## Exercise objective
The listing below holds a line with "ネイル 伊藤 美智子のネイルデザイン" and a line with "2015 Ferrari 458 Italia Base photo 16". Reproduce those two lines exactly, plus everything between them.

## Data for processing

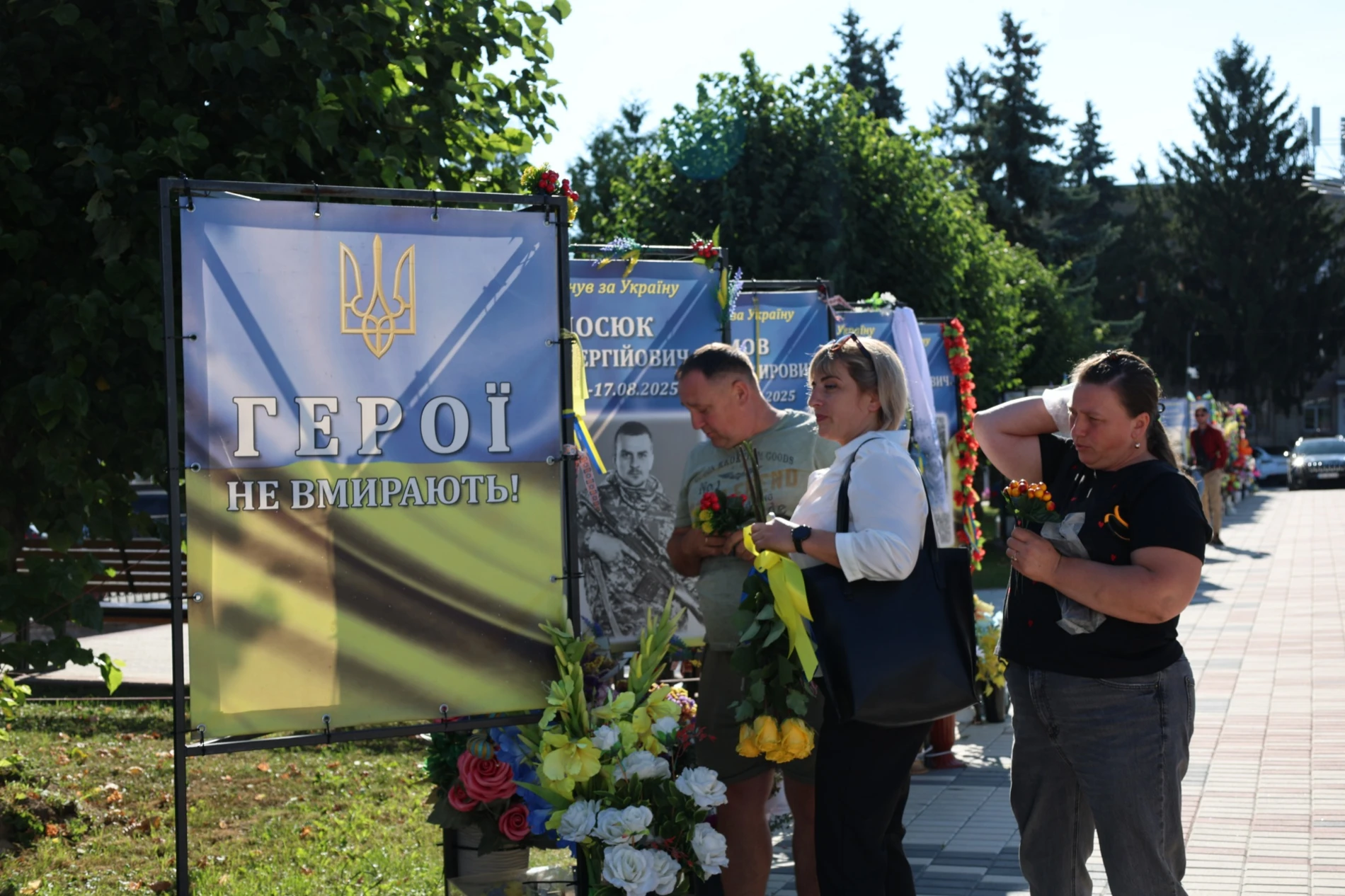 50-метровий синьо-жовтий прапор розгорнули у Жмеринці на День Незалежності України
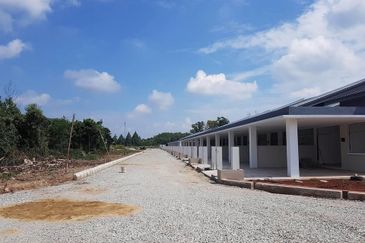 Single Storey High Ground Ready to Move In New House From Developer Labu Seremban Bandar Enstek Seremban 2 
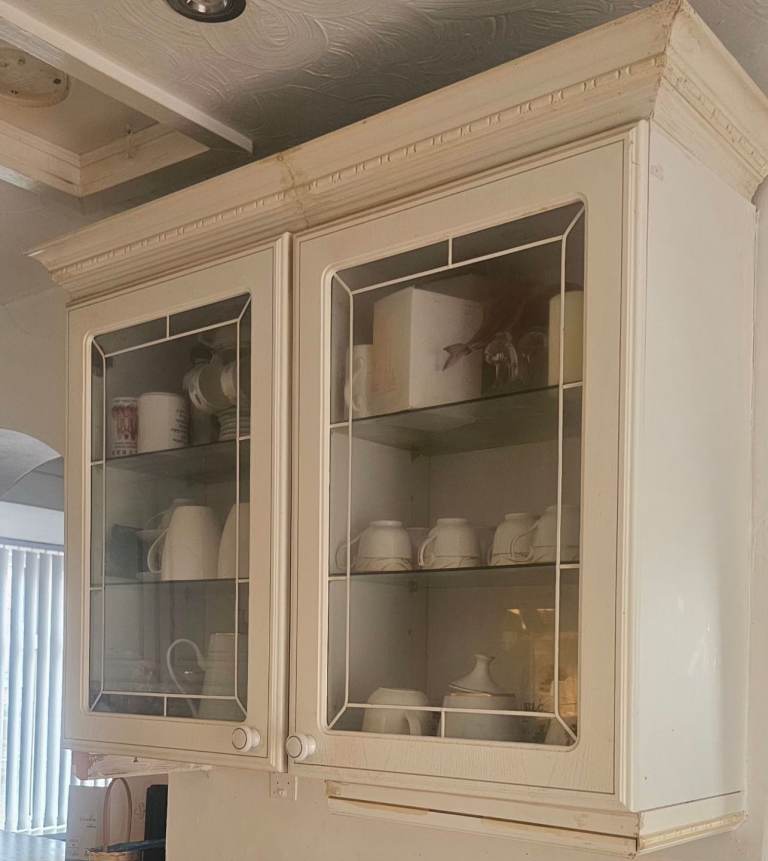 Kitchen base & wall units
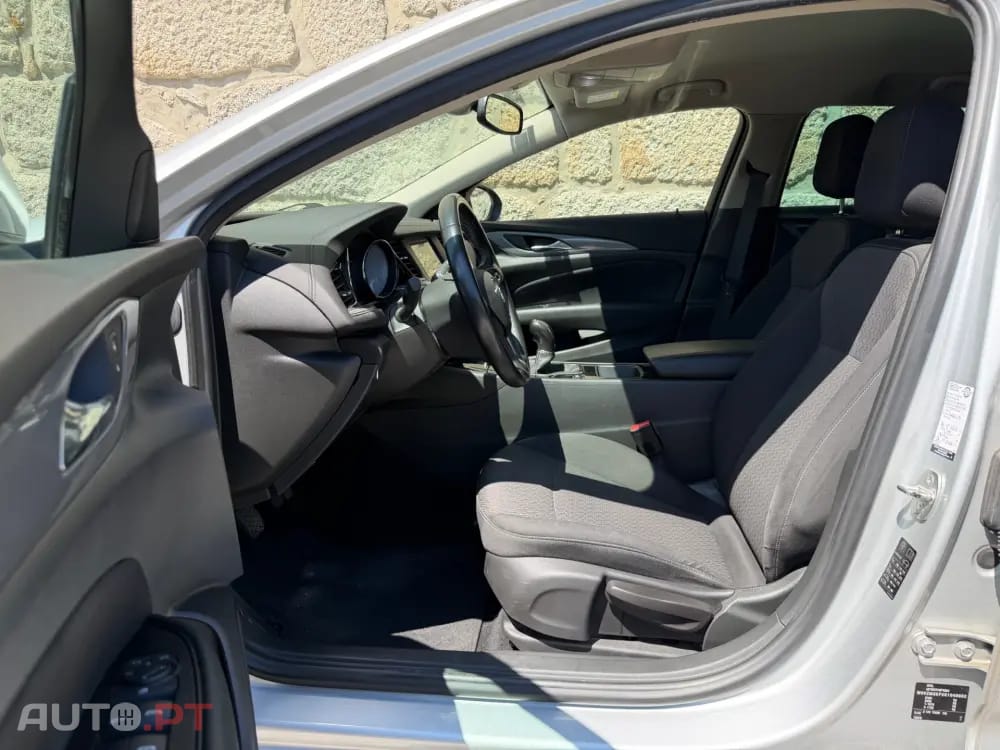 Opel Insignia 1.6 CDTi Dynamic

* * *

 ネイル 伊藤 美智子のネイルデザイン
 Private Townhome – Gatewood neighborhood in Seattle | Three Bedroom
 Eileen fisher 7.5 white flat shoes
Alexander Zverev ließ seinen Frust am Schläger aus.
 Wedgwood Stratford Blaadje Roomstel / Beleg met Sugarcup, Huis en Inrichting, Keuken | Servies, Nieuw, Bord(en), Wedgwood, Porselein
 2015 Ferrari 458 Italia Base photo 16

## Result of the exercise
 ネイル 伊藤 美智子のネイルデザイン
 Private Townhome – Gatewood neighborhood in Seattle | Three Bedroom
 Eileen fisher 7.5 white flat shoes
Alexander Zverev ließ seinen Frust am Schläger aus.
 Wedgwood Stratford Blaadje Roomstel / Beleg met Sugarcup, Huis en Inrichting, Keuken | Servies, Nieuw, Bord(en), Wedgwood, Porselein
 2015 Ferrari 458 Italia Base photo 16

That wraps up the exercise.